Joint First-to-Die Life Insurance

Monkey Business
Joint first-to-die policies
don’t show the same savings
as two individual
life insurance policies.

Joint first-to-die life insurance policies cover both individuals (almost exclusively spouses) under one policy, while individual life insurance policies create two individual plans for each insured.

Some companies offer multi-life policies, which are essentially individual policies, but under one plan. Unlike joint first-to-die policies, multi-life policies stipulate that if one spouse dies, the other spouse can continue the coverage at the initial policy premiums.

Joint first-to-die policies also offer cost savings to the insured, but they come with limitations. In the event that the insured passes away on a joint first-to-die policy, the second spouse could be left with no life insurance coverage.

Some insurance companies allow the surviving spouse to convert to a new individual policy, but the rates would be based on their age at conversion, whereas if two individual policies were owned, the surviving spouse could keep the coverage at the initial premiums.

Joint first-to-die policies are available in 10-year terms, 20-year terms, 30-year terms, or even Term 100 type plans. The longer the term, the higher the initial premium.

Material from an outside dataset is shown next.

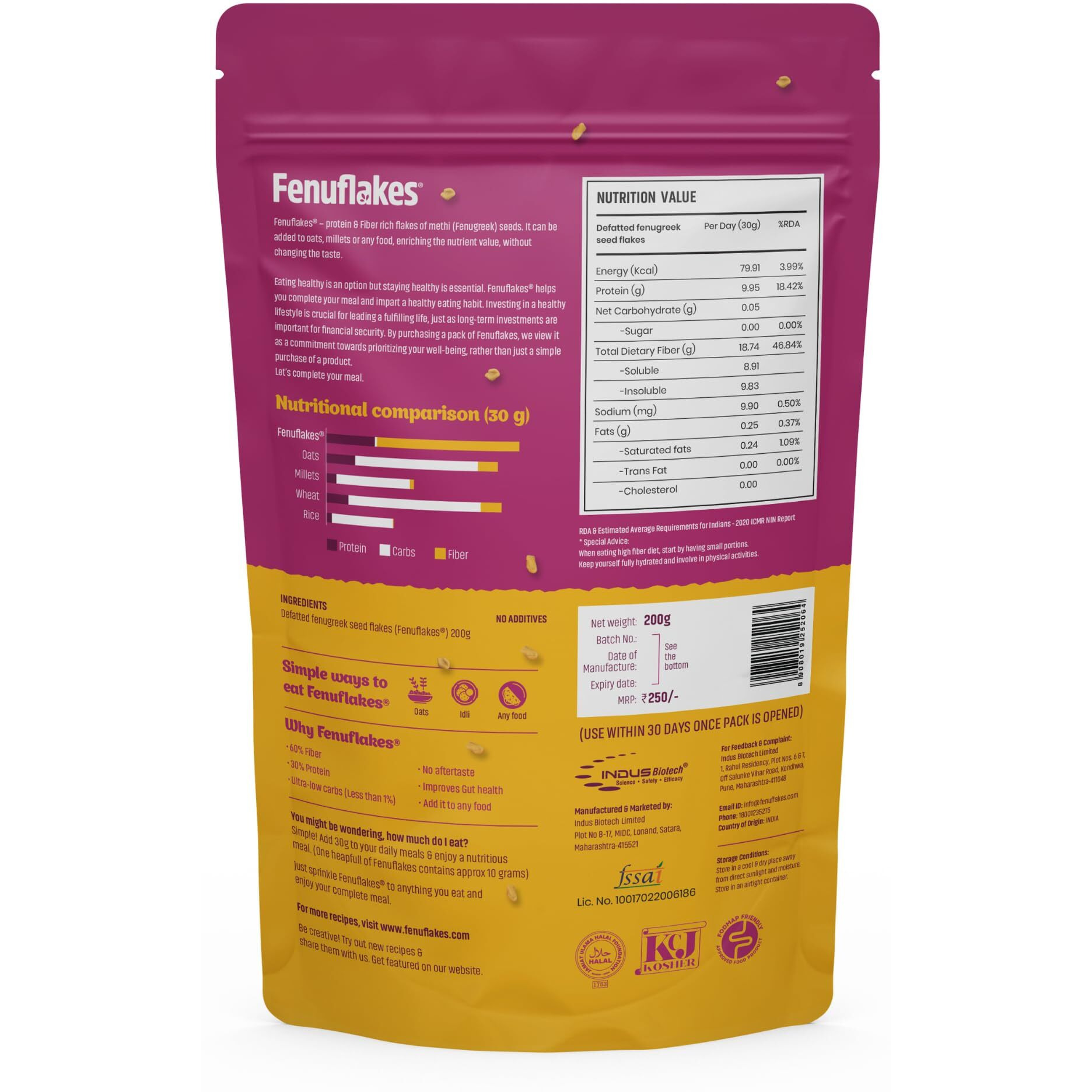 Fenuflakes 200g -Fiber supplement | Gut Health, Weight Management & Diabetic Friendly | Flakes of methi (Fenugreek) seeds| Neutral in taste | Add it to any food |100% plant based| low-carbs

The following is a comparison of the potential cost savings on the joint first-to-die policy versus two individual plans for a 45-year-old, male non-smoker and a 45-year-old, female non-smoker applying for $250,000 of coverage.

Individual plans:

$250,000 for a 45-year-old, male non-smoker with Canada Life is $325 a year.

$250,000 for a 45-year-old, female non-smoker with Canada Life is $240 a year.

$250,000 of joint first-to-die Term 10 with Canada Life, for the same individuals, is $513.50 a year — a savings of $51.50 a year, or just over 9 per cent.